> _EXERCISE DATA_
+---+

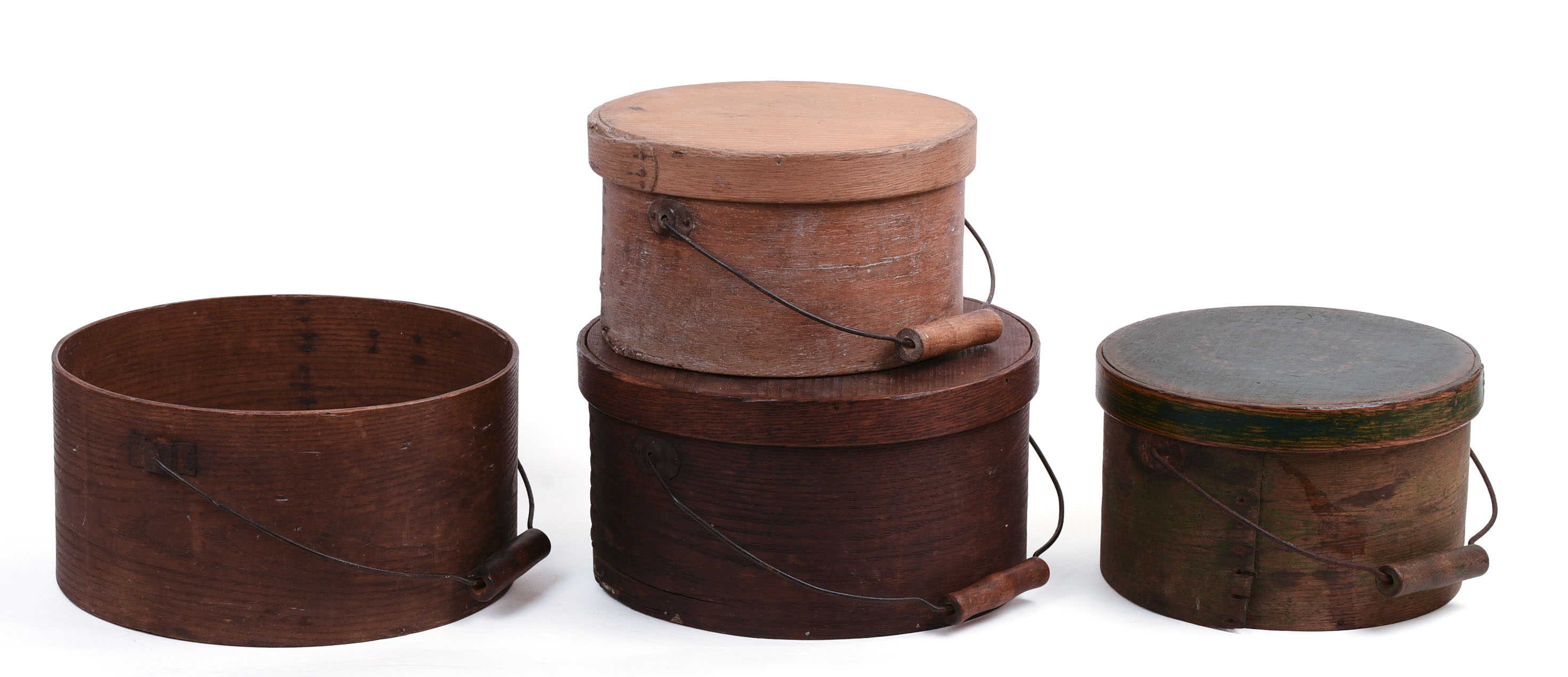 FOUR BALE HANDLED PANTRY BOXES.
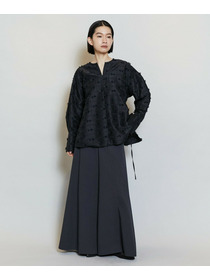 【MOGA】【Lサイズ】コンパクトツイルワイドフレアーパンツ 詳細画像 ダークネイビー 5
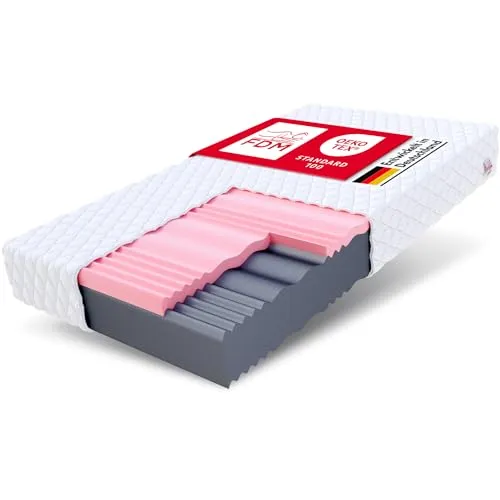 FDM Select Matratze 100x200 cm - Kaltschaum mit Visco-Schaum - Matratze mit 7-Zonen-Konstruktion für optimale Druckentlastung, Allergikergeeignet, waschbarer Bezug und individuell wählbare Härtegrade H3 und H4.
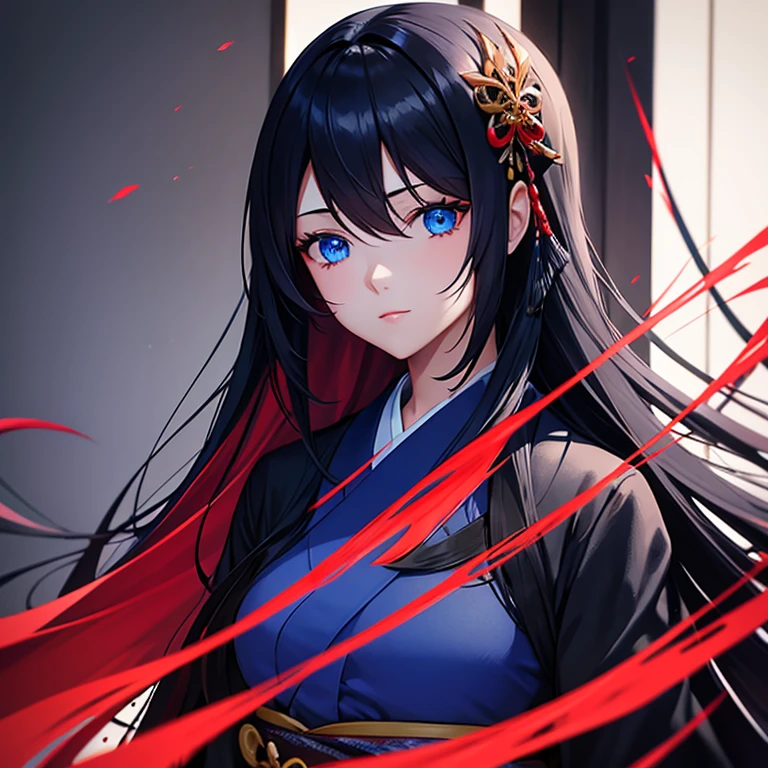 beautiful girl with long black flowing hair, blue eyes, in a red and blue kimono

+---+

> _DESCRIPTION OF THE TASK_
Give back, unaltered, each line of the listing from the first to the line that contains "FDM Select Matratze", leaving every picture out.

> _RESULT_
 FOUR BALE HANDLED PANTRY BOXES.
 【MOGA】【Lサイズ】コンパクトツイルワイドフレアーパンツ 詳細画像 ダークネイビー 5
 FDM Select Matratze 100x200 cm - Kaltschaum mit Visco-Schaum - Matratze mit 7-Zonen-Konstruktion für optimale Druckentlastung, Allergikergeeignet, waschbarer Bezug und individuell wählbare Härtegrade H3 und H4.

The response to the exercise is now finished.